Somehow I skipped a couple of months of the book reviews for Moonlight Gleam’s Women of the Otherworld reading challenge. I’m still not quite sure how that happened. At any rate, it worked out okay because HAUNTED and BROKEN aren’t my favorite of the stories. (They aren’t my least favorites either, but I’ve read them more than once, which was enough to know that they’re middle of the road in the series for me.) And, in addition to accidentally skipping stories that I know well enough, I returned to the reading challenge for one of my favorites in the series.
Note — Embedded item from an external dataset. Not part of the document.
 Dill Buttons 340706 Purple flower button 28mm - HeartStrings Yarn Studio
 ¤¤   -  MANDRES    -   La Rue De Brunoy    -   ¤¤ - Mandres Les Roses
NO HUMANS INVOLVED features Jamie Vegas and her relationship with my favorite of the werewolves, Jeremy Danvers. These are both characters I’d enjoyed reading about for some time before they got their own book I think this is why I liked them:
Unlike most of the other supernaturals in this series, Jamie seems almost normal. She’s the first of the supernaturals we really meet who doesn’t have kick-ass powers. She can’t change into a wolf. She can’t cast spells. She can’t burn things with a touch or even use simpler half-demon tricks like Troy does to keep from getting wet in the rain. She can contact the dead, but based on our interactions with her up to this point, that seems frankly like a curse rather than a blessing. This makes my impressions of Jamie based on not what she can do, but how she does it – and I certainly like her personality. She’s just a lot of fun, in my book.
And Jeremy… the thing I like best about him, have ALWAYS liked best about him, is his reserve. Many of my friends go for the bad guy, either in real life or “just” in fiction. I’ve always liked the nice guy. The respectful guy, the one who will hold doors and just generally treat a girl “right”. So Jeremy, for me, was a perfect fit. (Lucas too, but he’s not in this story much.) I do like the fact that we get to see beyond that very basic feeling of “Jeremy’s a good guy” and see the wolf underneath. But I also like that he’s true to his nature, and is written in an utterly believable way (once you get past the whole changes-into-a-wolf thing).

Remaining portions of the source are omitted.